= Task to carry out =
Retype the material exactly, ending with the line containing "Wave Blue Silk Crêpe Satin Apparel Fabric".

= Material for this exercise =
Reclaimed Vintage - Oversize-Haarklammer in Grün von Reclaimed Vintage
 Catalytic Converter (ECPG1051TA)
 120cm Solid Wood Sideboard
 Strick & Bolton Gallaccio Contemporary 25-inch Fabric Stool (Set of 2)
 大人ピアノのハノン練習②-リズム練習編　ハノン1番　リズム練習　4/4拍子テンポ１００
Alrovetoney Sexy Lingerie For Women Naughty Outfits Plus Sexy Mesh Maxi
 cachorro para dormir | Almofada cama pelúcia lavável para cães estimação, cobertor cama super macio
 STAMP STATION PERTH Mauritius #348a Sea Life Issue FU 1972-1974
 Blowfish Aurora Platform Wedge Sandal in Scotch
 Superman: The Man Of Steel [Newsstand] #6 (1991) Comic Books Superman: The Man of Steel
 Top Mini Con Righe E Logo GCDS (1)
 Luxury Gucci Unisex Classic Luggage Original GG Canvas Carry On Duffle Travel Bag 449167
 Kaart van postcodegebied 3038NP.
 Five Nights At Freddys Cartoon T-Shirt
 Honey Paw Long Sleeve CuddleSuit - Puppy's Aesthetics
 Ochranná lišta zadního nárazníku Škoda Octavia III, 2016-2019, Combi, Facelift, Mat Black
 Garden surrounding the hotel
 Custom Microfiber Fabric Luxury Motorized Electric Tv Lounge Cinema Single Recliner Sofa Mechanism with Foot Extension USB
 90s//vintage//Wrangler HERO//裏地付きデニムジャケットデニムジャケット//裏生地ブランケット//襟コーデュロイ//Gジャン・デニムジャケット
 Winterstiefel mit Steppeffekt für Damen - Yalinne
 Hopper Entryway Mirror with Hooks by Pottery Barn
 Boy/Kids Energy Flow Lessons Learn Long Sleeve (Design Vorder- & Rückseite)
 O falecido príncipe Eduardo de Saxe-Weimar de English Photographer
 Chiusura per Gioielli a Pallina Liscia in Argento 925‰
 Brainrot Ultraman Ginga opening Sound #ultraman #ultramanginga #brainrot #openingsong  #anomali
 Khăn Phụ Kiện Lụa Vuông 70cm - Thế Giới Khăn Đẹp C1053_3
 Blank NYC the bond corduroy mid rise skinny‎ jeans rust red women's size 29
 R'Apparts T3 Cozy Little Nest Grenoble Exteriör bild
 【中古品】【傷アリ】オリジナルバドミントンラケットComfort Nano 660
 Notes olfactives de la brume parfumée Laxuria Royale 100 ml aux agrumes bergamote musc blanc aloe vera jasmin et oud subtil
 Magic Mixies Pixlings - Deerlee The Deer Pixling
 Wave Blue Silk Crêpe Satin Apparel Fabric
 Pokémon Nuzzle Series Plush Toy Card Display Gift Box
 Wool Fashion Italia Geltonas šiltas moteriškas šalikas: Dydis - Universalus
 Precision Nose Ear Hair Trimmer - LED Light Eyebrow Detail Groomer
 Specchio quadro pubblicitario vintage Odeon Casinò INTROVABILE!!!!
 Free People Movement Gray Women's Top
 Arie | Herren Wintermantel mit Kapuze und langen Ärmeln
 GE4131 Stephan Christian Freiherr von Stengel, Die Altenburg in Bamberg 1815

= Solved exercise =
Reclaimed Vintage - Oversize-Haarklammer in Grün von Reclaimed Vintage
 Catalytic Converter (ECPG1051TA)
 120cm Solid Wood Sideboard
 Strick & Bolton Gallaccio Contemporary 25-inch Fabric Stool (Set of 2)
 大人ピアノのハノン練習②-リズム練習編　ハノン1番　リズム練習　4/4拍子テンポ１００
Alrovetoney Sexy Lingerie For Women Naughty Outfits Plus Sexy Mesh Maxi
 cachorro para dormir | Almofada cama pelúcia lavável para cães estimação, cobertor cama super macio
 STAMP STATION PERTH Mauritius #348a Sea Life Issue FU 1972-1974
 Blowfish Aurora Platform Wedge Sandal in Scotch
 Superman: The Man Of Steel [Newsstand] #6 (1991) Comic Books Superman: The Man of Steel
 Top Mini Con Righe E Logo GCDS (1)
 Luxury Gucci Unisex Classic Luggage Original GG Canvas Carry On Duffle Travel Bag 449167
 Kaart van postcodegebied 3038NP.
 Five Nights At Freddys Cartoon T-Shirt
 Honey Paw Long Sleeve CuddleSuit - Puppy's Aesthetics
 Ochranná lišta zadního nárazníku Škoda Octavia III, 2016-2019, Combi, Facelift, Mat Black
 Garden surrounding the hotel
 Custom Microfiber Fabric Luxury Motorized Electric Tv Lounge Cinema Single Recliner Sofa Mechanism with Foot Extension USB
 90s//vintage//Wrangler HERO//裏地付きデニムジャケットデニムジャケット//裏生地ブランケット//襟コーデュロイ//Gジャン・デニムジャケット
 Winterstiefel mit Steppeffekt für Damen - Yalinne
 Hopper Entryway Mirror with Hooks by Pottery Barn
 Boy/Kids Energy Flow Lessons Learn Long Sleeve (Design Vorder- & Rückseite)
 O falecido príncipe Eduardo de Saxe-Weimar de English Photographer
 Chiusura per Gioielli a Pallina Liscia in Argento 925‰
 Brainrot Ultraman Ginga opening Sound #ultraman #ultramanginga #brainrot #openingsong  #anomali
 Khăn Phụ Kiện Lụa Vuông 70cm - Thế Giới Khăn Đẹp C1053_3
 Blank NYC the bond corduroy mid rise skinny‎ jeans rust red women's size 29
 R'Apparts T3 Cozy Little Nest Grenoble Exteriör bild
 【中古品】【傷アリ】オリジナルバドミントンラケットComfort Nano 660
 Notes olfactives de la brume parfumée Laxuria Royale 100 ml aux agrumes bergamote musc blanc aloe vera jasmin et oud subtil
 Magic Mixies Pixlings - Deerlee The Deer Pixling
 Wave Blue Silk Crêpe Satin Apparel Fabric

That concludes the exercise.